By contrast, degraded systems are often highly resistant to change, Shaver added.

To show how the assessment works, he pointed to a case study of a gravelly site in Chihuahua Desert in Mexico. The site had nearly continuous grass cover, small bare gaps, low shrub density, no rills, pedestals or terracettes, high soil aggregate stability and was well developed. But disturbances such as overgrazing, a summer drought, water rills and a lack of fire caused an increase in bare ground, loss of soil surface horizon, adding to a low water holding capacity, meant there was no grass establishment.

“With no action the process of degradation means you may never recover from the losses,” he said.

Counteracting the increase in bare ground with grazing management factors of intensity, frequency and timing is one management technique that can reverse cover losses.

One thing all plants need is water, Shaver noted. Using the first letters to form an acronym, he discussed ways to manage water when it falls on rangeland.
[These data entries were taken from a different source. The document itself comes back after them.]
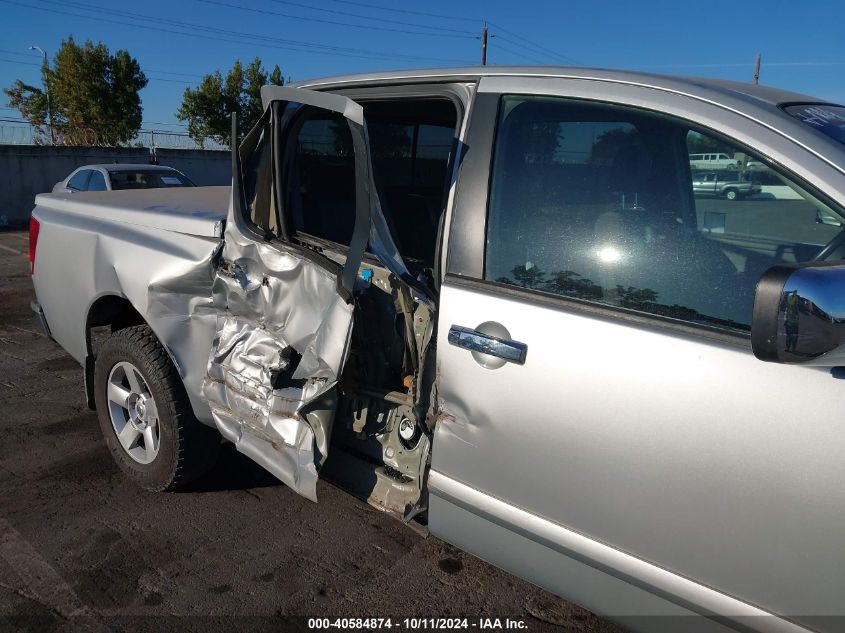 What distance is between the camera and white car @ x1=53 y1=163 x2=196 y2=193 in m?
11.8

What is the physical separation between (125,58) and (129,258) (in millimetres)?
33025

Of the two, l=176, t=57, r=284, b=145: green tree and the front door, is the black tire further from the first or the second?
l=176, t=57, r=284, b=145: green tree

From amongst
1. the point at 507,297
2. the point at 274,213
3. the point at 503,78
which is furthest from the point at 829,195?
the point at 274,213

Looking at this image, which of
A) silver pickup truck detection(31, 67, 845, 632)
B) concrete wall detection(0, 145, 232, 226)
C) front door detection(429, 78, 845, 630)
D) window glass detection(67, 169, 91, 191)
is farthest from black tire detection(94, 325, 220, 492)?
concrete wall detection(0, 145, 232, 226)

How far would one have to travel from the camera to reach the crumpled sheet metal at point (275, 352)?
245 centimetres

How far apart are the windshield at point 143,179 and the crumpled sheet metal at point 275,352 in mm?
9822

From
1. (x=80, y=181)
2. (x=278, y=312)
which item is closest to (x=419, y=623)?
(x=278, y=312)

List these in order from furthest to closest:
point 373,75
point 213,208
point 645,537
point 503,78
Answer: point 213,208, point 373,75, point 503,78, point 645,537

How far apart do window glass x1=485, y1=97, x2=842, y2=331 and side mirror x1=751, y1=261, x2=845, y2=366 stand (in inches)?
11.2

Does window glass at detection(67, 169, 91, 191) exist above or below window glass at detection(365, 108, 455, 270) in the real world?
below

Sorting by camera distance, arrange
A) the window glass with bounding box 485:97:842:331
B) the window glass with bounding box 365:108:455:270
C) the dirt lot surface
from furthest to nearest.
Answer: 1. the window glass with bounding box 365:108:455:270
2. the dirt lot surface
3. the window glass with bounding box 485:97:842:331

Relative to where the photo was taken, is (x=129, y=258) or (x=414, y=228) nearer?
(x=129, y=258)

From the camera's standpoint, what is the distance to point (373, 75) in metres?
2.70

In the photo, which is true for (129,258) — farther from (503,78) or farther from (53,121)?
(53,121) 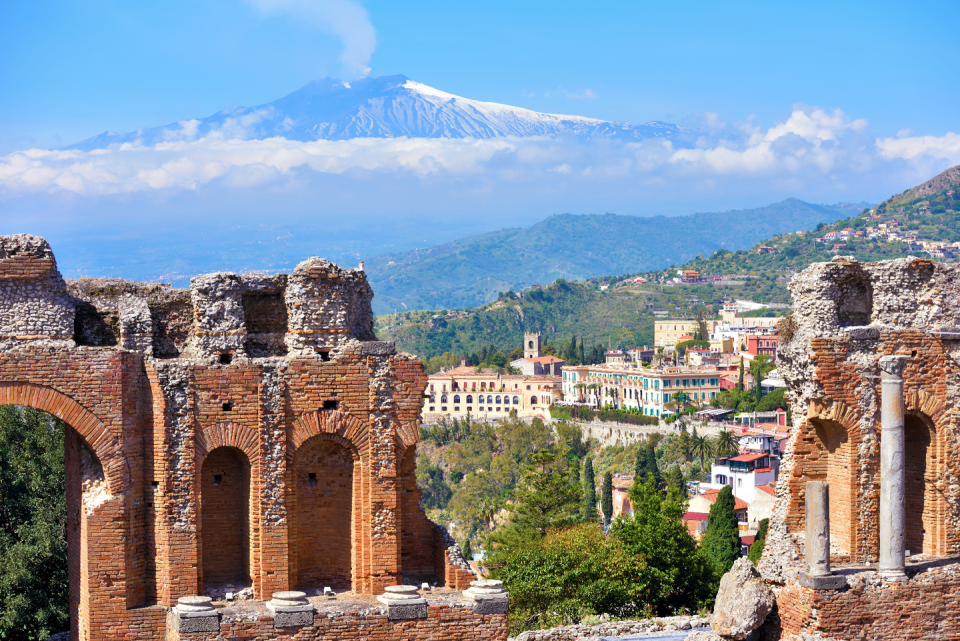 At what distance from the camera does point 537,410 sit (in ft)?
516

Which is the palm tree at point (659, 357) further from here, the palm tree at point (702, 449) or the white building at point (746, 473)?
the white building at point (746, 473)

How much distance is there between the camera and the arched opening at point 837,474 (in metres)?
18.4

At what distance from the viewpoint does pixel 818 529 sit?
17.3m

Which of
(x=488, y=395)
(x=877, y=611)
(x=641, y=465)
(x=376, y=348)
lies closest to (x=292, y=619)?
(x=376, y=348)

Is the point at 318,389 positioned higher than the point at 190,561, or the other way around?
the point at 318,389

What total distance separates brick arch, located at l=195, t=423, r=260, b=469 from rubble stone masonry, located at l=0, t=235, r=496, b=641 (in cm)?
2

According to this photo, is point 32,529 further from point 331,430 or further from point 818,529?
point 818,529

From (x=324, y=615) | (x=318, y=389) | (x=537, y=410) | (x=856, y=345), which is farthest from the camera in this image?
(x=537, y=410)

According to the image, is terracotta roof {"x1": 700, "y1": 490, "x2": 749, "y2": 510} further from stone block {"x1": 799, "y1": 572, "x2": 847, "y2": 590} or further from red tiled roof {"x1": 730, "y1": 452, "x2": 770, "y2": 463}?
stone block {"x1": 799, "y1": 572, "x2": 847, "y2": 590}

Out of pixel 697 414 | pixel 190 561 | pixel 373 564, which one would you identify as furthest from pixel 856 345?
pixel 697 414

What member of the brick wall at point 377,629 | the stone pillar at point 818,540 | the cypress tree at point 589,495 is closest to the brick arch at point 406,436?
the brick wall at point 377,629

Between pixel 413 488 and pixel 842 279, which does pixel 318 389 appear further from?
pixel 842 279

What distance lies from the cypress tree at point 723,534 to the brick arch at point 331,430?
3517 centimetres

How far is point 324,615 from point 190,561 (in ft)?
6.76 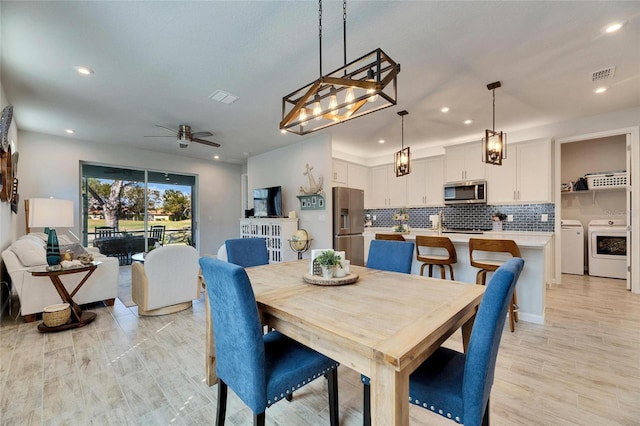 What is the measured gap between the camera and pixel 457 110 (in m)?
3.89


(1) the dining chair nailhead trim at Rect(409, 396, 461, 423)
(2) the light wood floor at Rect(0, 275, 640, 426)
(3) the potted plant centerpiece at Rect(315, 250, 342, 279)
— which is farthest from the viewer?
(3) the potted plant centerpiece at Rect(315, 250, 342, 279)

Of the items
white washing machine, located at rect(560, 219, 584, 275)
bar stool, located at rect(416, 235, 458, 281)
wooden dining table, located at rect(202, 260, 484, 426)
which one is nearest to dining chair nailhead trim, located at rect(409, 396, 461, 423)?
wooden dining table, located at rect(202, 260, 484, 426)

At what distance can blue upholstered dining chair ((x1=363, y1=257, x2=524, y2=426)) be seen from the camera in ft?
3.27

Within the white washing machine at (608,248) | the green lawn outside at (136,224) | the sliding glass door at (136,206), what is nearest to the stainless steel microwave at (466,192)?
the white washing machine at (608,248)

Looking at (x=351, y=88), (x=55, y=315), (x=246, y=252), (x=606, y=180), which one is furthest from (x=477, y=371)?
(x=606, y=180)

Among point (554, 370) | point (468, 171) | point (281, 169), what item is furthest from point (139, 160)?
point (554, 370)

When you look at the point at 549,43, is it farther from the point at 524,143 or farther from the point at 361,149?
the point at 361,149

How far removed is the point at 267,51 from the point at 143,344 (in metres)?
2.90

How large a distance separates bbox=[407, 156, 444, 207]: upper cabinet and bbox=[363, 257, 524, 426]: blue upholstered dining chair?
4.87m

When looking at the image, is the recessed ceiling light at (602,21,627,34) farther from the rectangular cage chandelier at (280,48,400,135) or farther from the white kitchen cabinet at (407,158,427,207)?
the white kitchen cabinet at (407,158,427,207)

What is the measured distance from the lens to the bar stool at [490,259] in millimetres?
2709

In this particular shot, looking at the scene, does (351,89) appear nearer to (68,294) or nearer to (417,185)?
(68,294)

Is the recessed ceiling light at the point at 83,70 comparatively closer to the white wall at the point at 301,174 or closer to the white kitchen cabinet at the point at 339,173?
the white wall at the point at 301,174

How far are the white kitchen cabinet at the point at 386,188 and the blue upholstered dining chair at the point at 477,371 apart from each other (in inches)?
204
“W — increase infiltration of the water,” Shaver began. “Air — we can manage air by increasing leaf surface to get more carbon dioxide. Temperature — we can insulate the plant crown to increase vegetation. Energy — sunlight we can increase leaf surface to enhance chlorophyll development. Raw materials — again we need to increase infiltration to access nutrients.”

Shaver noted there is a new version of “Interpreting Indicators of Rangeland Health” coming out next year.

“Version 4 was released in 2005 and Version 5 went to the printers last week for 2020,” he said.

Soil in the Sandhills

Dana Larsen, who recently retired from the NRCS and now works for her family’s ranch, Broken Heart Livestock at Thedford, Neb., shared her experiences during the session, “Managing a Sandhills ranch with an eye to soil health.”

“For the last 30 years I thought I was talking about soil health,” Larsen said. “One of the most significant things that came out of this is if we are talking about soil health, where do we put the thermometer?”

The Larsens have leased the Thedford area ranch since 2015 from the Dave and Loretta Hamilton family. The ranch covers Thomas and Cherry counties and includes 60 pastures, where the average size is a section. Together with her husband, two sons and interns, Larsen said they manage 1,100 mother cows and 350 yearlings.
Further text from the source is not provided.